Como todos sabemos, en los últimos 20 años la industria del cine ha cambiado en todos sus frentes. Sin embargo, el cambio más siniestro ha sucedido de manera sigilosa y en la oscuridad de la noche: la eliminación gradual pero constante del riesgo. Muchas películas actuales son productos perfectos fabricados para el consumo inmediato. Muchas de ellas están realizadas por equipos de personas talentosas. Aun así, les falta algo esencial: la visión unificadora de un artista individual. Por supuesto, un artista individual es el factor más riesgoso de todos.
No estoy insinuando que las películas deban ser o hayan sido alguna vez una forma artística subsidiada. Cuando el sistema de estudio de Hollywood estaba vivo y en buena forma, la tensión entre los artistas y los ejecutivos era constante e intensa, pero era una tensión productiva que nos dio algunas de las mejores películas de la historia. En palabras de Bob Dylan, las mejores películas de esa era fueron “heroicas y visionarias”.

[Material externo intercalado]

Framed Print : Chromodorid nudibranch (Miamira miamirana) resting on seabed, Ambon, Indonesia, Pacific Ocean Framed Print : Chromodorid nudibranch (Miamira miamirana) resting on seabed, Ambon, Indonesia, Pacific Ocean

Hoy, esa tensión se ha esfumado, y existen personas en la industria con una absoluta indiferencia sobre el aspecto artístico y una actitud displicente y posesiva —una combinación letal— sobre la historia del cine. Lamentablemente, la situación es que tenemos dos campos separados: el entretenimiento audiovisual mundial, y el cine. De vez en cuando se solapan, pero eso sucede cada vez menos. Y me temo que el dominio económico de uno está siendo utilizado para marginar e incluso menospreciar la existencia del otro.
Para cualquiera que sueñe con crear películas o que esté empezando a hacerlo, la situación actual es brutal y hostil con el arte. Y el simple acto de escribir estas palabras me llena de una tristeza absoluta.